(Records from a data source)
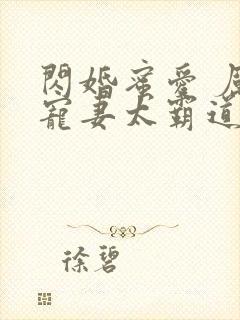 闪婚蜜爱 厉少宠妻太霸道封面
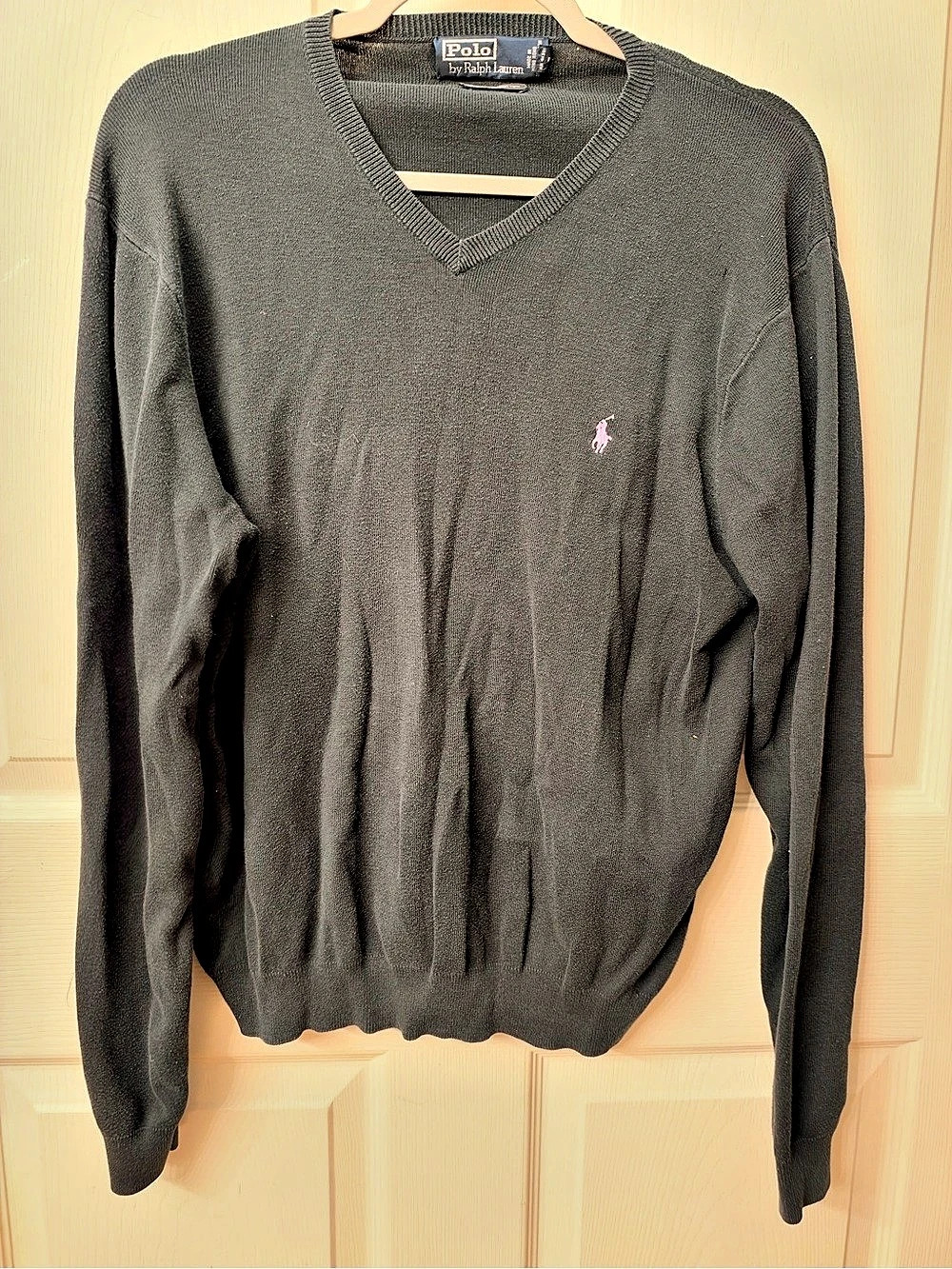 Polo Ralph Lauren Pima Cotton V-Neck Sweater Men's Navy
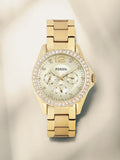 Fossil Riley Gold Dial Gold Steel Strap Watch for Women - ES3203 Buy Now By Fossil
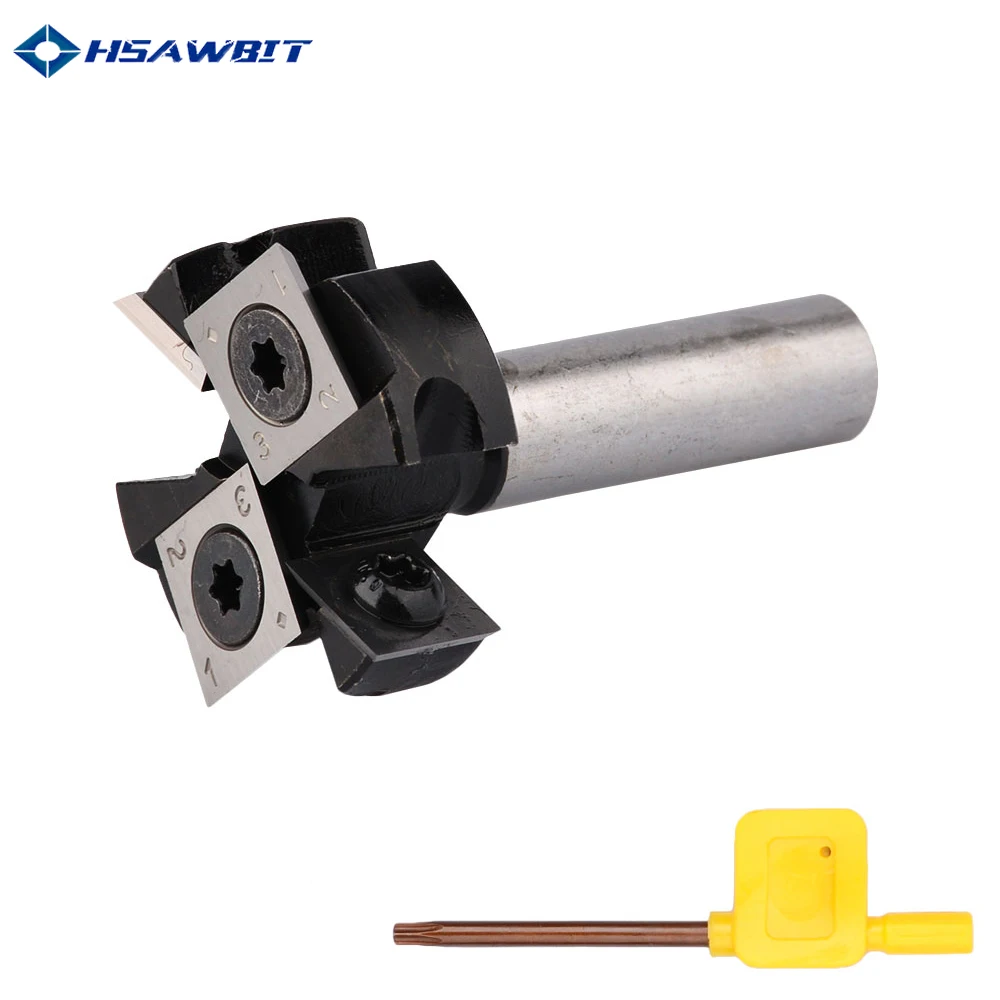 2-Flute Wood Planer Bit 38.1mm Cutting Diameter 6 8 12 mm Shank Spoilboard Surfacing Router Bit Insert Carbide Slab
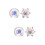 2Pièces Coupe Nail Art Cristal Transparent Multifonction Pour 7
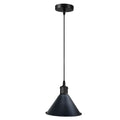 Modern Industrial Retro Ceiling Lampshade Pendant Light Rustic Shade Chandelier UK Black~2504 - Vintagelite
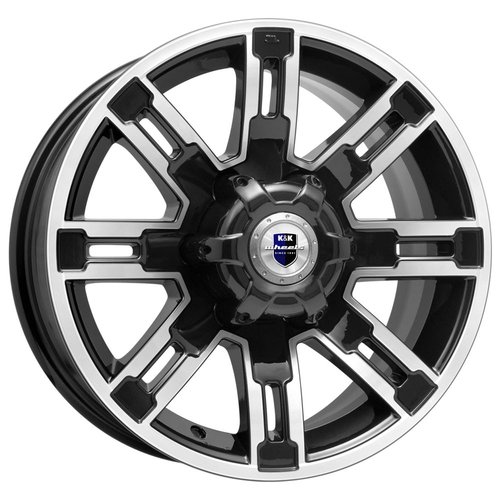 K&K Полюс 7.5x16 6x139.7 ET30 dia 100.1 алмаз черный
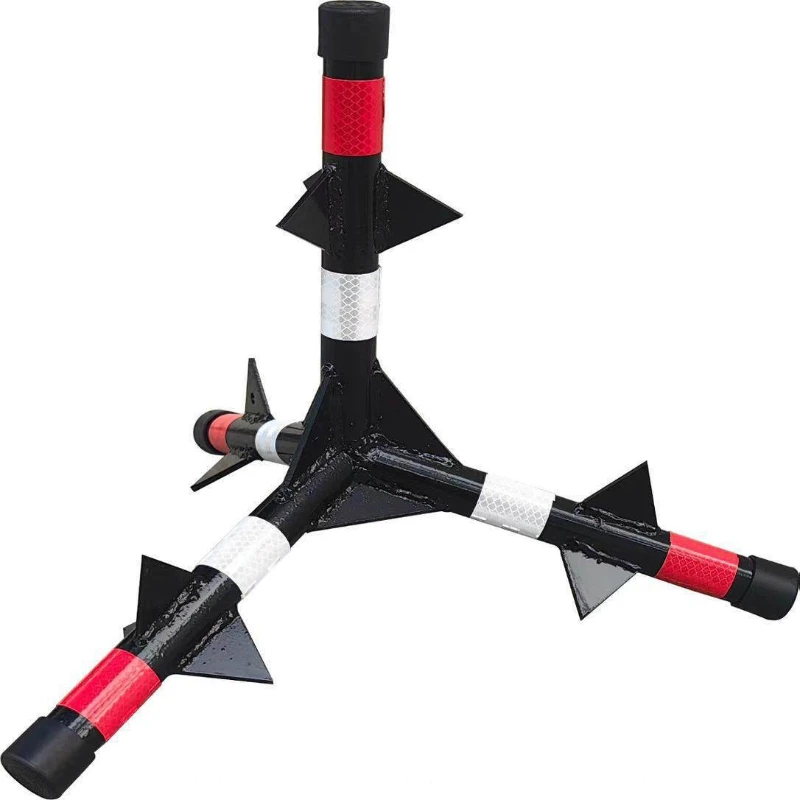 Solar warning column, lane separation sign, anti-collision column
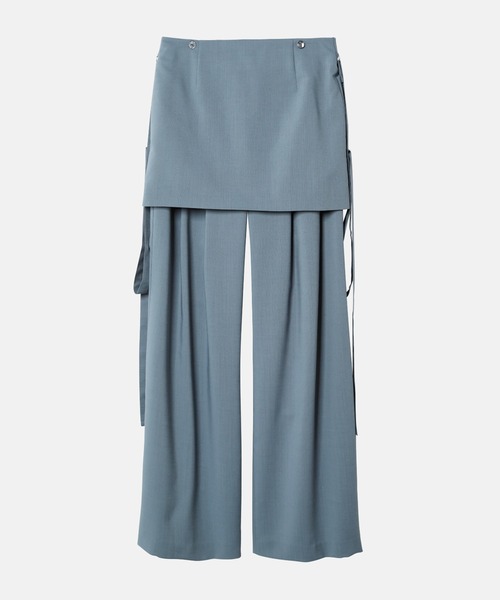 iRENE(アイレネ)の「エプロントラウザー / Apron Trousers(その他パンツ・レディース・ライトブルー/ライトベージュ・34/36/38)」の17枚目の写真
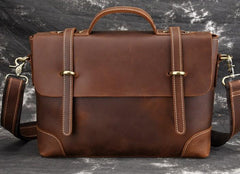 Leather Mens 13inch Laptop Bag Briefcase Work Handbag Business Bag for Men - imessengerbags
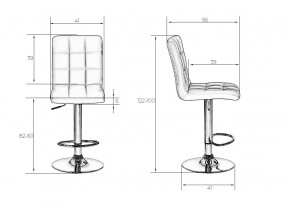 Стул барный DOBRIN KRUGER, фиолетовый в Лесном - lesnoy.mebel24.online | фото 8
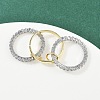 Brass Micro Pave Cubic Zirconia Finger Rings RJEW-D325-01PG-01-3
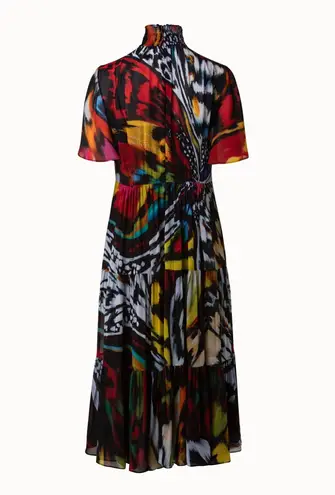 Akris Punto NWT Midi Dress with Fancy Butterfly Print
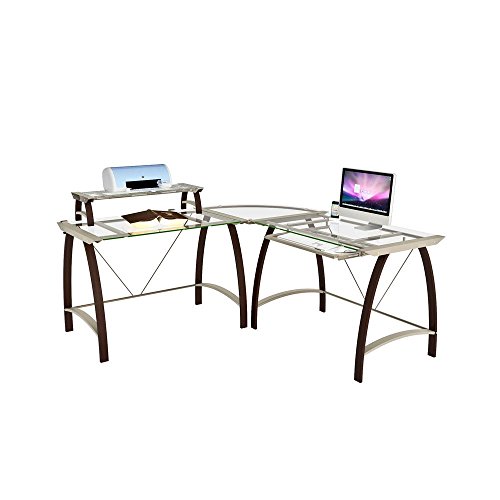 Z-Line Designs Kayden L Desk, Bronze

# Work order:
Retype every entry exactly as written. Leave the pictures out.

# Output:
 闪婚蜜爱 厉少宠妻太霸道封面
 Polo Ralph Lauren Pima Cotton V-Neck Sweater Men's Navy
 Fossil Riley Gold Dial Gold Steel Strap Watch for Women - ES3203 Buy Now By Fossil
 2-Flute Wood Planer Bit 38.1mm Cutting Diameter 6 8 12 mm Shank Spoilboard Surfacing Router Bit Insert Carbide Slab
 2Pièces Coupe Nail Art Cristal Transparent Multifonction Pour 7
 Modern Industrial Retro Ceiling Lampshade Pendant Light Rustic Shade Chandelier UK Black~2504 - Vintagelite
 K&K Полюс 7.5x16 6x139.7 ET30 dia 100.1 алмаз черный
 Solar warning column, lane separation sign, anti-collision column
 iRENE(アイレネ)の「エプロントラウザー / Apron Trousers(その他パンツ・レディース・ライトブルー/ライトベージュ・34/36/38)」の17枚目の写真
 Leather Mens 13inch Laptop Bag Briefcase Work Handbag Business Bag for Men - imessengerbags
 Стул барный DOBRIN KRUGER, фиолетовый в Лесном - lesnoy.mebel24.online | фото 8
 Brass Micro Pave Cubic Zirconia Finger Rings RJEW-D325-01PG-01-3
 Akris Punto NWT Midi Dress with Fancy Butterfly Print
 Z-Line Designs Kayden L Desk, Bronze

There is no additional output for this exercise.